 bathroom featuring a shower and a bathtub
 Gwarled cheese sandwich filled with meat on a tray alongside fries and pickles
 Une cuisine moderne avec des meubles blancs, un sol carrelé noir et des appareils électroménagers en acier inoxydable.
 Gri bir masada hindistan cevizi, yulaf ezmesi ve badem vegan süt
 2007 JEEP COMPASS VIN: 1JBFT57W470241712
==
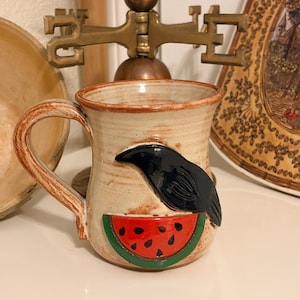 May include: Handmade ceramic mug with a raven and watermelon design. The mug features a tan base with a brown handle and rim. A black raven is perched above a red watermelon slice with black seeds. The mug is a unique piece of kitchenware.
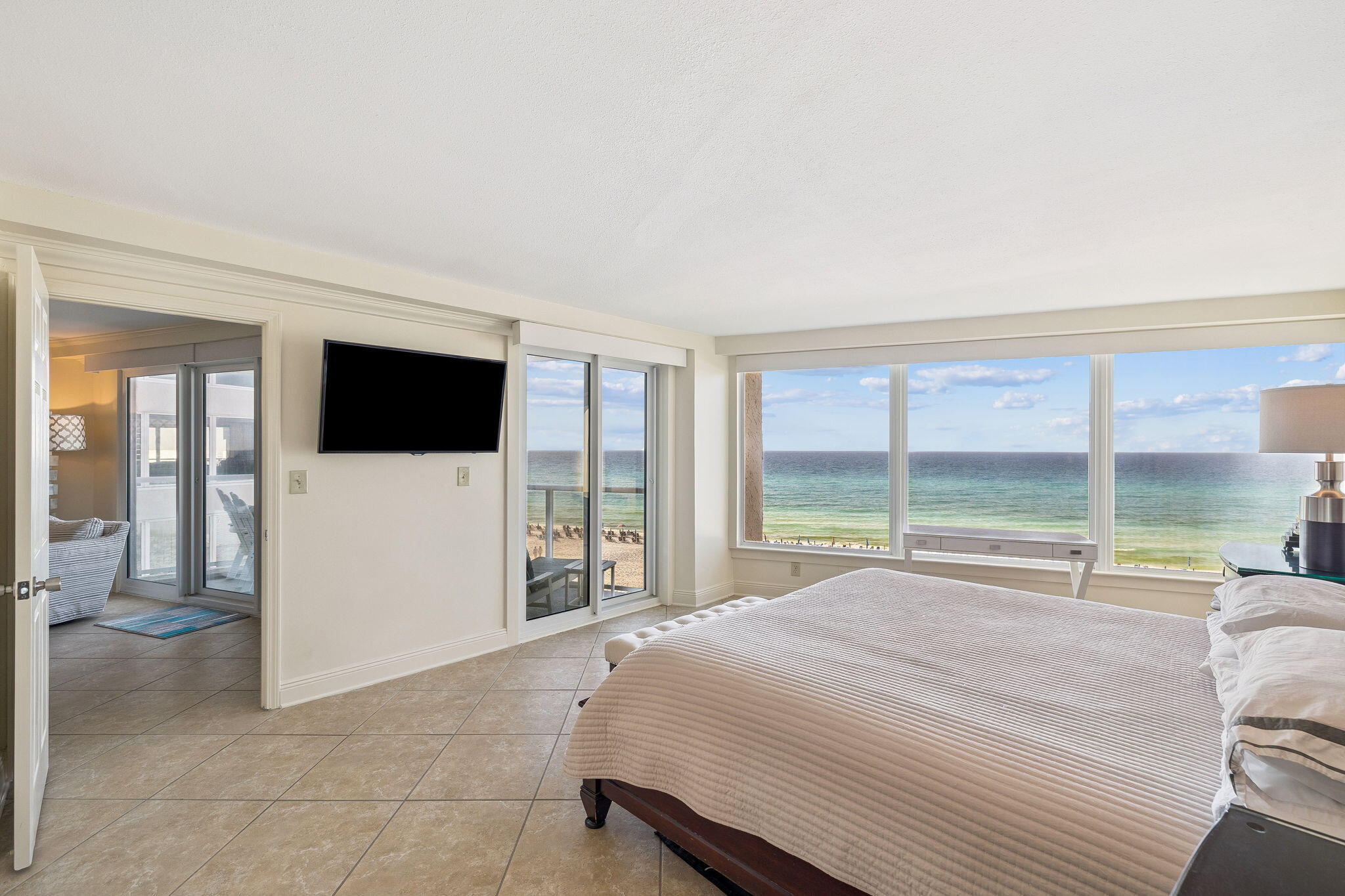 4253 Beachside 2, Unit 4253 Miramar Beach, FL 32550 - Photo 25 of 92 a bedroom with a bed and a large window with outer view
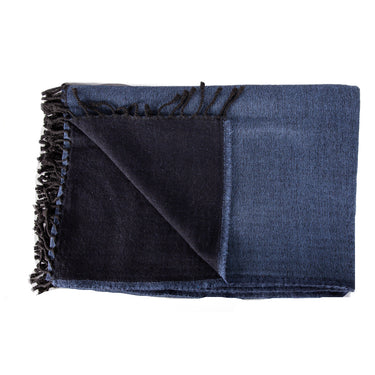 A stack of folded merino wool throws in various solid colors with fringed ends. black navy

Work item →
Output should match, line for line, the stretch of the material above from the line holding "Une cuisine moderne" through the line holding "2007 JEEP COMPASS VIN: 1JBFT57W470241712".

Answer box →
 Une cuisine moderne avec des meubles blancs, un sol carrelé noir et des appareils électroménagers en acier inoxydable.
 Gri bir masada hindistan cevizi, yulaf ezmesi ve badem vegan süt
 2007 JEEP COMPASS VIN: 1JBFT57W470241712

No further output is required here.